Name one policy, spell it out, that New Labour has put in place - and tell us three more that you will bring in within your first year back in government, please. No weasel words, no 'we'll work hard to...', describe that actual actions you will take and the dates by which you'll do them.
Govts generally (and Science generally) has failed sufficiently to engage with climate-change sceptics. CCS's then claim that they're being denied a platform, which in turn lends a spurious weight to their scientific arguments. When is DECC going to REALLY take them on - mano a mano if need be?

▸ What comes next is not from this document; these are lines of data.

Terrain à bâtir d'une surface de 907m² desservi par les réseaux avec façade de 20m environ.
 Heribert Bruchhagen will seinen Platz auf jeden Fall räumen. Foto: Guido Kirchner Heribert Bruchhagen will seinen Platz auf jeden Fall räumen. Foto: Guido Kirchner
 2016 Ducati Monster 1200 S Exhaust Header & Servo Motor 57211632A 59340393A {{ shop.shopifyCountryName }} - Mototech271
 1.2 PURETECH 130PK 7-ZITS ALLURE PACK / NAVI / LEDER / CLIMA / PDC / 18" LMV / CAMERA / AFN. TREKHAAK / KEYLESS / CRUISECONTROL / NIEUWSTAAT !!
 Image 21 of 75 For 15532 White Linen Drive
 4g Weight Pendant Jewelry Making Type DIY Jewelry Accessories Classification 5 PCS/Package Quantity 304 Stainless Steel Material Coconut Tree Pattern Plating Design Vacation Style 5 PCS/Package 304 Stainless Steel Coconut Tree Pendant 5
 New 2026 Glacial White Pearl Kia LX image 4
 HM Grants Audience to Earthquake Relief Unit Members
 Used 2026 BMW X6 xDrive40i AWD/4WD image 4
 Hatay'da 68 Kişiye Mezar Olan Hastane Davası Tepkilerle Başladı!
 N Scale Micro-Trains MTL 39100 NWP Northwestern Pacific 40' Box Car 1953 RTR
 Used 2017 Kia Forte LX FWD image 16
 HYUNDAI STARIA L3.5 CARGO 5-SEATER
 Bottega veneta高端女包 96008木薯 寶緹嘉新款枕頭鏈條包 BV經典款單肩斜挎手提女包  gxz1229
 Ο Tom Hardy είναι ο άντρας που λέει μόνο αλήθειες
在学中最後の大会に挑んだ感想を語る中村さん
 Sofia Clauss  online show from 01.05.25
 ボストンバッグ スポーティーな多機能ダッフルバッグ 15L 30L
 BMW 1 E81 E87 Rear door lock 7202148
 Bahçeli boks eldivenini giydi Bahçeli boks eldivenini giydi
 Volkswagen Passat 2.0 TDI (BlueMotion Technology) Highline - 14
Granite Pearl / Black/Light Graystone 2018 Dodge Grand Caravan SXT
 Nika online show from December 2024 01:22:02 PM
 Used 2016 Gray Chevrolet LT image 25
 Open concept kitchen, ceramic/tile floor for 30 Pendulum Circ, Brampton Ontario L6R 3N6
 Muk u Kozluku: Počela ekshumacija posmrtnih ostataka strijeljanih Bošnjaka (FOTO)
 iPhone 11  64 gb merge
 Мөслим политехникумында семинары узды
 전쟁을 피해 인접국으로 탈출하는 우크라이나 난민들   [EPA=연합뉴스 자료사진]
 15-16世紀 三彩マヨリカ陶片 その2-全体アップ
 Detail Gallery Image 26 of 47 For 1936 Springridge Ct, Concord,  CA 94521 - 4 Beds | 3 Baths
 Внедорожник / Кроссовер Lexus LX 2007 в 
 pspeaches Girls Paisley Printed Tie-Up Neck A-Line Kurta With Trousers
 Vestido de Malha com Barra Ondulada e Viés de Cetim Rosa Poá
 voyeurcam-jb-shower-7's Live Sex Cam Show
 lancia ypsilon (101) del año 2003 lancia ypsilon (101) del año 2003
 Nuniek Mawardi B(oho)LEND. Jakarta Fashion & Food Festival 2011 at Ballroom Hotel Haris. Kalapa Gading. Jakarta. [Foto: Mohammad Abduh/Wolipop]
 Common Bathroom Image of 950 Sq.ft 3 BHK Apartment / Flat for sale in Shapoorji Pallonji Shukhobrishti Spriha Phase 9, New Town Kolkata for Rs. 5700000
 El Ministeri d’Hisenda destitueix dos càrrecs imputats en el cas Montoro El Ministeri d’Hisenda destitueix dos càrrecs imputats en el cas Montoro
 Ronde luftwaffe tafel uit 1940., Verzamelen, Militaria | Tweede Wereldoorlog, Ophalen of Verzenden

Also <puts on big shire-horse eye-patches to avoid Justine's eye>
There's a guy called Sulloway who posited that an individual's politics is affected by birth order, with first-borns becoming loyal conformists - essentially conservative - and later-borns more likely to be unorthodox, receptive to innovation - essentially radical. It's a cute though ultimately messy theory - but does it ring any bells with you?
Mr Miliaband. Welcome to Mumsnet. Is it true you are shaping up for an imminent leadership contest with Gordon Brown?
Hi, I would like to ask;
As transport is such a major part of the carbon agenda, can you please advise on how the government can reconcile the centralisation of services/choice agenda (access to schools, hospitals, services in general) with trying to encourage people to travel less or use more sustainable modes of travel?
And, do you prefer jaffa cakes, or bourbon creams?!
Sorry for spelling. Mr Miliband.
You went to a North London Comprehensive, one that is now performing poorly. Can you comment on what can be done by any government to improve state schools offer in London. It is so sad that this great city has become a place of such polarised wealth partly because it has been the natural inclination of the middle classes to move out to find better schools elsewhere. Wouldn't it be better for the London community if we could provide the kind of schools that people don't want to flee from?